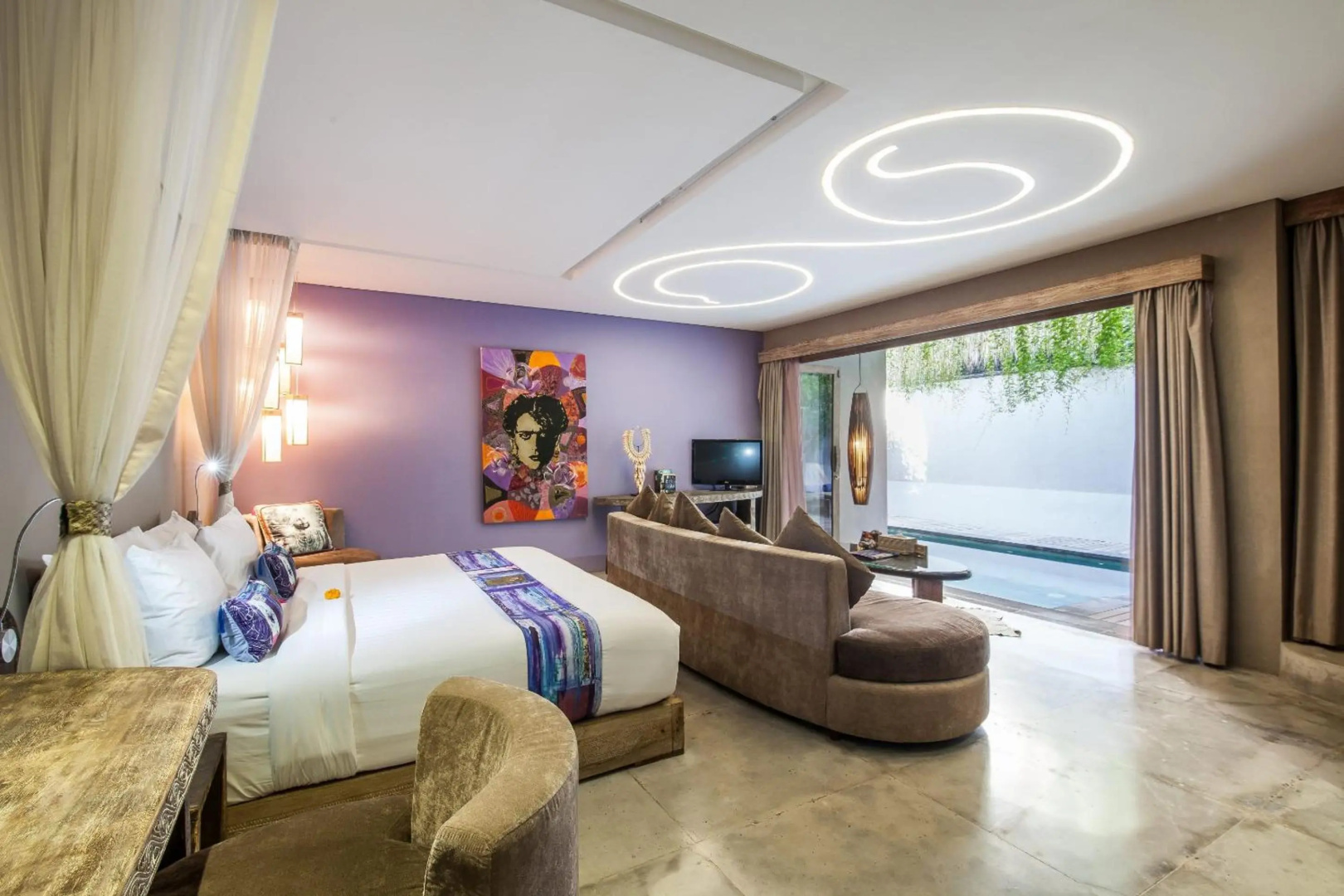 Foto - Blue Karma Dijiwa Seminyak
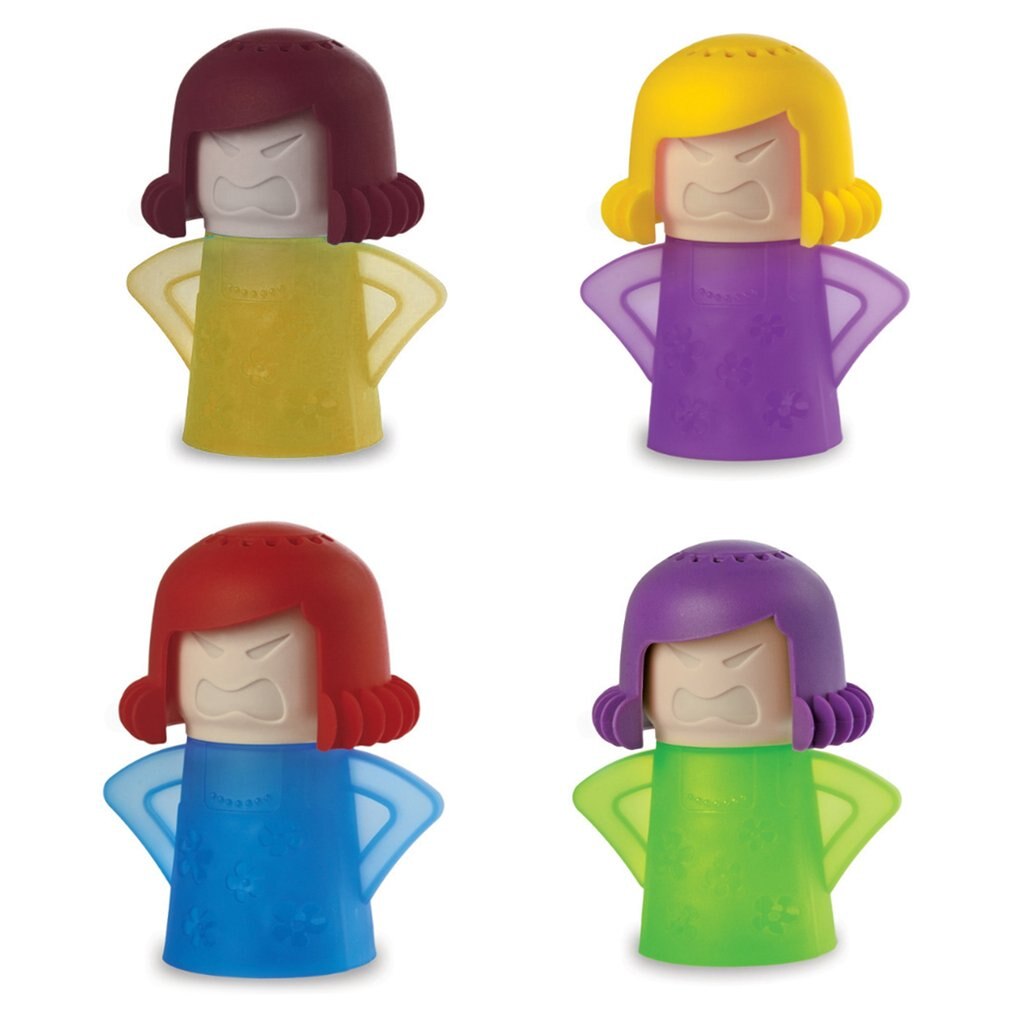 Metro Angry Mama Microwave Cleaner Steam Cleaners Kitchen Cleaning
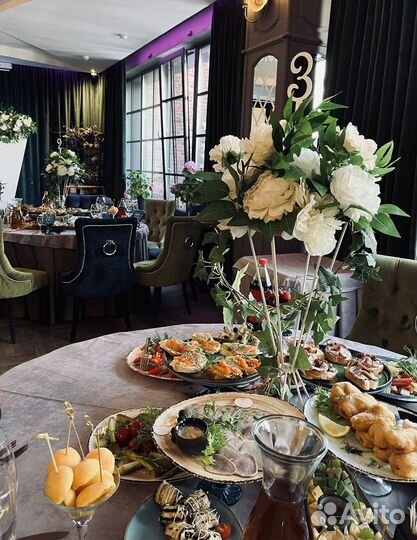 Оформление свадеб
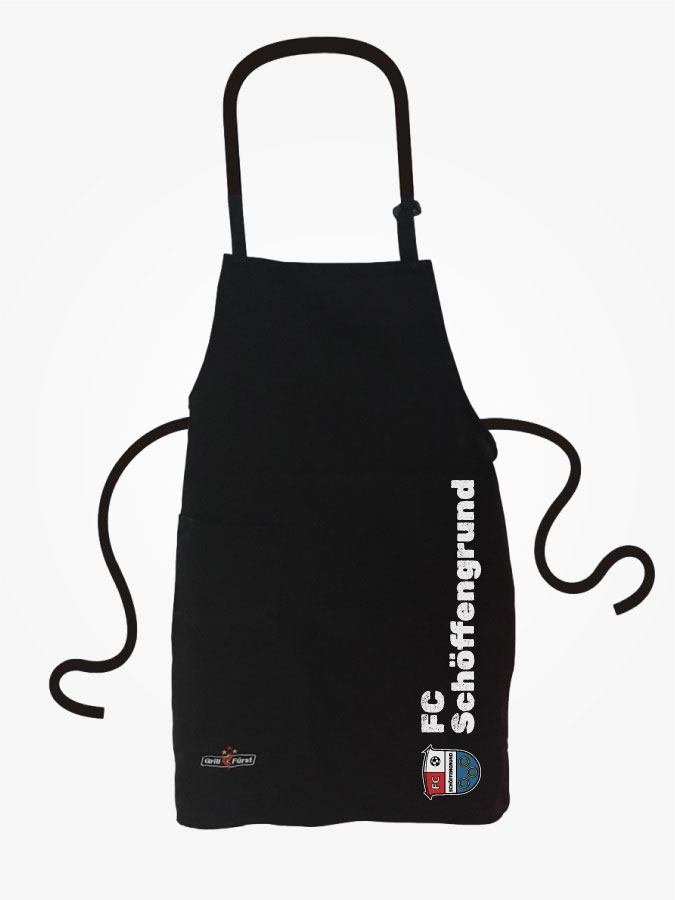 Schürze Grillfürst Classic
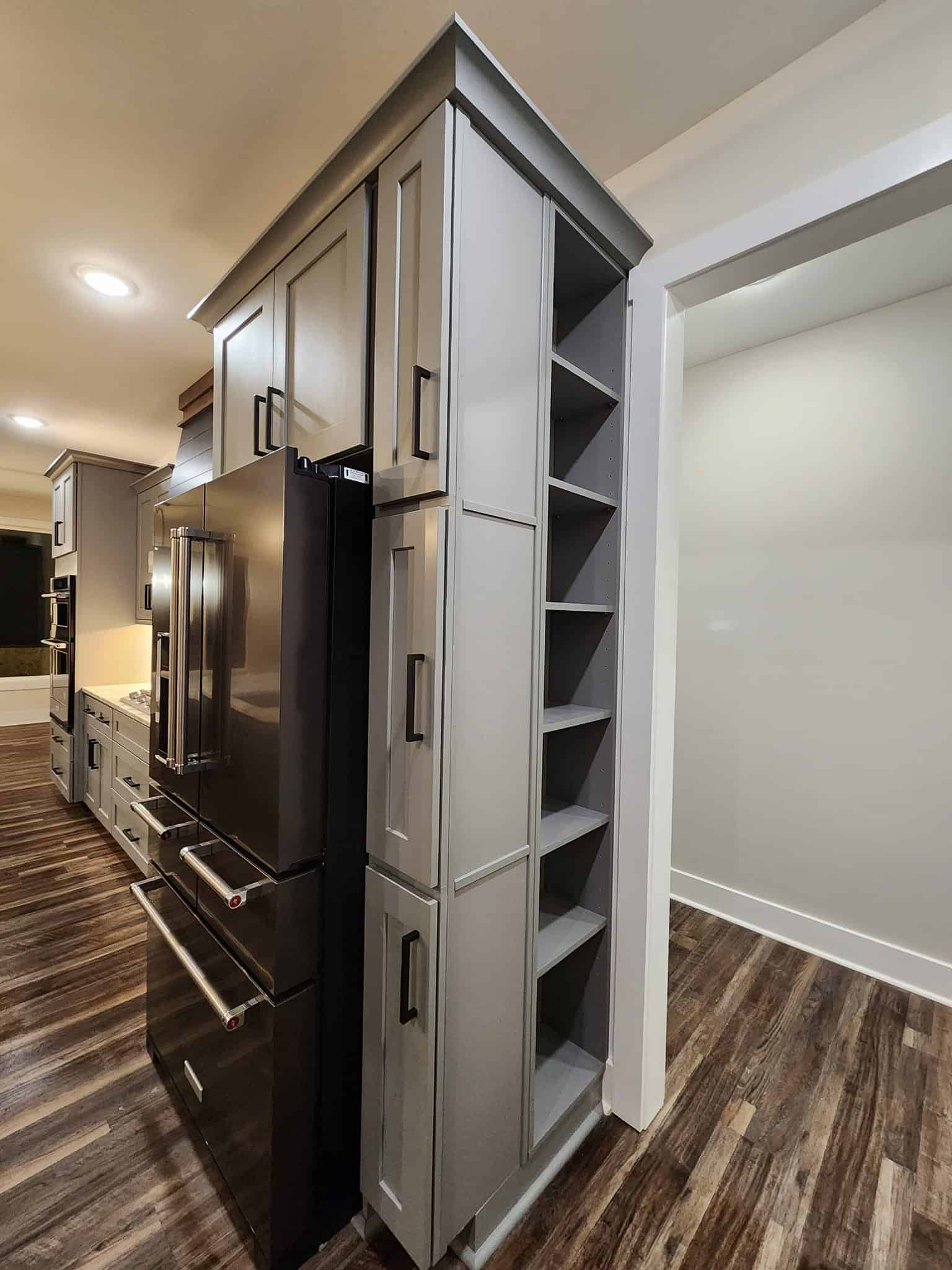 Spears Monticello Custom Home — photo 20 — J&J Custom Homes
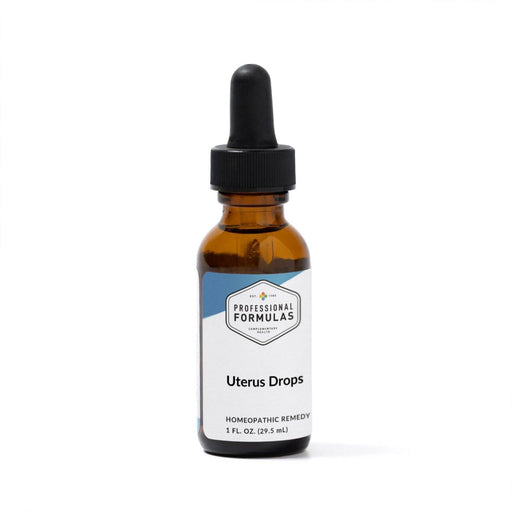 Professional Formulas, Uterus Drops 1 oz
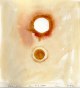 Walter Dahn - farbiges Aquarell, handsigniert von 1994 - 20 x 24 cm verkocht voor € 180!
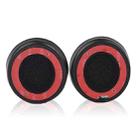 1 Pair Lambskin Replacement Earpads For Beats Solo3 / Solo2 Wireless(Black) - 2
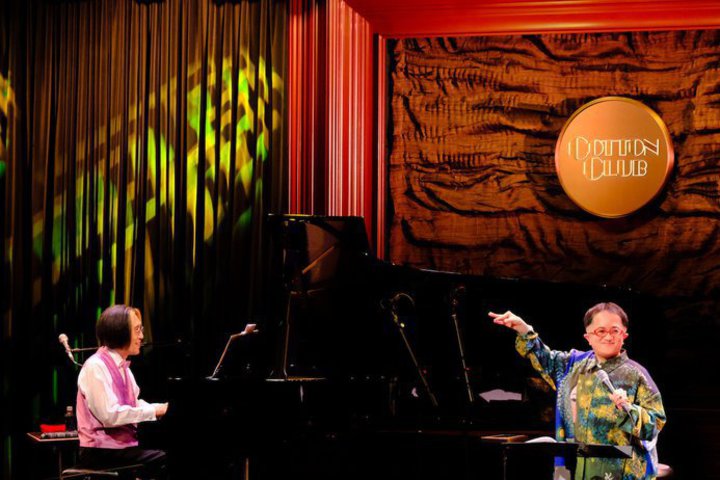 �ėǔ���~�{��j�ǃ��C�u�A�����̕��䗠�ɔ���B�u�o�j���n�E�X�E�T�E���h���{�vSeiji Morita�̂������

YOUR OBJECTIVE: Take the material above and output only the lines from the one that contains "Metro Angry Mama" through the one that contains "Walter Dahn - farbiges", ends included and images left out.

WORKED SOLUTION:
 Metro Angry Mama Microwave Cleaner Steam Cleaners Kitchen Cleaning
 Оформление свадеб
 Schürze Grillfürst Classic
 Spears Monticello Custom Home — photo 20 — J&J Custom Homes
 Professional Formulas, Uterus Drops 1 oz
 Walter Dahn - farbiges Aquarell, handsigniert von 1994 - 20 x 24 cm verkocht voor € 180!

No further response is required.